2.3. ACTIVITIES AS CHAIRMAN. In his capacity as Chairman of the Board of
Directors, Desjardins shall undertake only those duties expressly set
forth in the Company's Bylaws or expressly required by law. Desjardins
acknowledges that the Chairman of the Board is not an officer position
and does not carry with it any day-to-day operational duties,
responsibilities or authority. Nothing in this Agreement shall be
deemed to modify the Consulting Agreement between Simula and
Desjardins, in the form attached hereto as EXHIBIT B and incorporated
herein by reference. In --------- his capacity as a Consultant,
Desjardins shall undertake only those duties and activities authorized
by the Consulting Agreement.
2.4. AVAILABILITY OF EQUITABLE RELIEF. The Company and Desjardins mutually
acknowledge and agree that the obligations undertaken by each of them
under this Agreement are special, unique and of an extraordinary
character, and that Simula and it shareholders, officers and directors
on the one hand, and Desjardins on the other hand, could not be
adequately compensated by money damages for a breach of any of the
provisions of this Agreement by the other party. In the event that any
provision of this Agreement is breached by either party hereto, the
non-breaching party shall be entitled to obtain (i) an injunction
restraining such breach or threatened breach; and (ii) specific
performance of any provision of this Agreement, in addition to any
other right or remedy available to such non-breaching party.

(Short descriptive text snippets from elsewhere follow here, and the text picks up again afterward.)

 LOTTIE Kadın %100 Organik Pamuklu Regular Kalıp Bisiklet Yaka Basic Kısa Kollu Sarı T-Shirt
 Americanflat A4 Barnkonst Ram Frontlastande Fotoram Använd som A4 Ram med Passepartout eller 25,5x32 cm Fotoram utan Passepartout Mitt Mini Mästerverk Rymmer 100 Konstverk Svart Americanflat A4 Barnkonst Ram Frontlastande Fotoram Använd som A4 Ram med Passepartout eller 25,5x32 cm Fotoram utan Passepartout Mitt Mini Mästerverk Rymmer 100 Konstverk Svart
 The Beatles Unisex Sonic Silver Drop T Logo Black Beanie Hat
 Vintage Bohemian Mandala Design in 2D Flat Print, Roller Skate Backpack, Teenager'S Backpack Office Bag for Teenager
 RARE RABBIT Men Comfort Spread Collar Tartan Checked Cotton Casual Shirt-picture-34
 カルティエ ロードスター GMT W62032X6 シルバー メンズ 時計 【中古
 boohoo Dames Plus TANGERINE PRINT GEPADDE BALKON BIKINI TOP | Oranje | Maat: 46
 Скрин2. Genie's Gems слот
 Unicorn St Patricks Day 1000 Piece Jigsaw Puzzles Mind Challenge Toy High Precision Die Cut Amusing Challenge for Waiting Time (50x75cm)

The
parties hereto agree that a bond or other security shall not be a
condition to the issuance of such injunction and/or for the ordering
of such specific performance.
2.5. CHAIRMAN'S STATUS. For a period of two (2) years from the date hereof,
Desjardins will continue to serve as Chairman of the Board of
Directors of Simula until his successor is duly elected and qualified
in accordance with the Company's Articles of Incorporation and Bylaws.
He shall be included in the Company's slate of director nominees at
the 2001 Annual Meeting of Shareholders to serve on the Board of
Directors for a term of not less than two (2) years.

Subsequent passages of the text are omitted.